英文:
Insert matrix values based on exact row/column names
问题
I want to insert the information from the cells in a given subsets into the blank matrix based on the combination of row/column name.
以下是要翻译的部分。
英文:
I have a blank matrix with row and column names that is relatively large (6000 times 200).

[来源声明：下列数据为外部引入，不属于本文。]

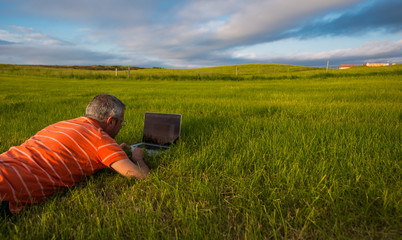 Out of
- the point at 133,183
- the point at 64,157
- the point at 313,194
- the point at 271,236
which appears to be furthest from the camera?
the point at 133,183

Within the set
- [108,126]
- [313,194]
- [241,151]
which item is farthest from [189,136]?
[313,194]

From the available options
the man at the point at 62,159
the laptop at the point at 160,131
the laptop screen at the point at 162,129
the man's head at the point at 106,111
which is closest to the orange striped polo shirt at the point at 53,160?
the man at the point at 62,159

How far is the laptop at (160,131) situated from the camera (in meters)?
3.68

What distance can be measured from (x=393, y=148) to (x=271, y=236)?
260cm

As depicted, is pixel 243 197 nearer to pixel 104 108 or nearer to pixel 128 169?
pixel 128 169

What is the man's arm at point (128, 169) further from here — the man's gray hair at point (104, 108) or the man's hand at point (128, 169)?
the man's gray hair at point (104, 108)

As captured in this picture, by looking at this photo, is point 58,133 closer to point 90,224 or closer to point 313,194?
point 90,224

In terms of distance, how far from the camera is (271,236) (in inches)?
65.1

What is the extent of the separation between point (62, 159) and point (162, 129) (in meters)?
1.69

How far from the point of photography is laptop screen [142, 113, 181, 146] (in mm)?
3688

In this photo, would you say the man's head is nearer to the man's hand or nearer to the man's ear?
the man's ear

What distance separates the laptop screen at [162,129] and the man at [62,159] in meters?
0.99

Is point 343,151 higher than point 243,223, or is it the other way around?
point 343,151

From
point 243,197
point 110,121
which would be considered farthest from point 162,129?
point 243,197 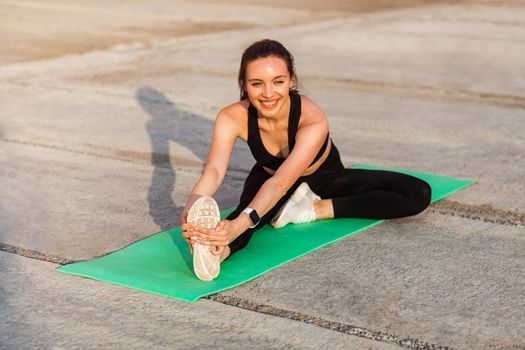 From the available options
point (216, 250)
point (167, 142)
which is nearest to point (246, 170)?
point (167, 142)

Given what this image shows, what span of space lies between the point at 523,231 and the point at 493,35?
8.59 metres

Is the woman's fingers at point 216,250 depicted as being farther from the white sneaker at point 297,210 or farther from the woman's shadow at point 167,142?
the white sneaker at point 297,210

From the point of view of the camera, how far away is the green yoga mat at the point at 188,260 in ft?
13.4

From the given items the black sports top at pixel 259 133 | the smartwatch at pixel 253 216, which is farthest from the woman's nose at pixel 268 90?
the smartwatch at pixel 253 216

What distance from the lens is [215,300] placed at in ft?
13.0

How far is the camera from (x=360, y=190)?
204 inches

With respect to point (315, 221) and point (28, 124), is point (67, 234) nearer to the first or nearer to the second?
point (315, 221)

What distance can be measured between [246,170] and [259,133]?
147cm

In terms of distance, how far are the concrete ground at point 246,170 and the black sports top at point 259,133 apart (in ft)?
1.88

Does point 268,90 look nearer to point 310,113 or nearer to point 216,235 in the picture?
point 310,113

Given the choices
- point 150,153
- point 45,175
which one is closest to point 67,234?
point 45,175

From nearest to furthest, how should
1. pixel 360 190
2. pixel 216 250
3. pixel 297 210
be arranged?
pixel 216 250 < pixel 297 210 < pixel 360 190

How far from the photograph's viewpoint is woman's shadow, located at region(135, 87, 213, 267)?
5191 mm

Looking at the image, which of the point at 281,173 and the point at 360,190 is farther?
the point at 360,190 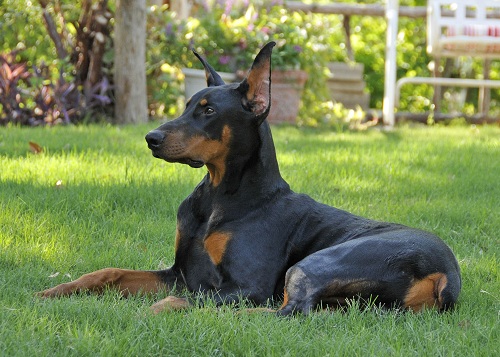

Then, I have multiple matrices which represent subsets of this matrix (typically around 1500 times 120) and also contain row and column names. I want to insert the information from the cells in a given subsets into the blank matrix based on the combination of row/column name.
Here is an example of the data and the desired output:
adj1 <- matrix(0, 3, 4)
colnames(adj1) <- c("g1", "g2", "g3", "g4")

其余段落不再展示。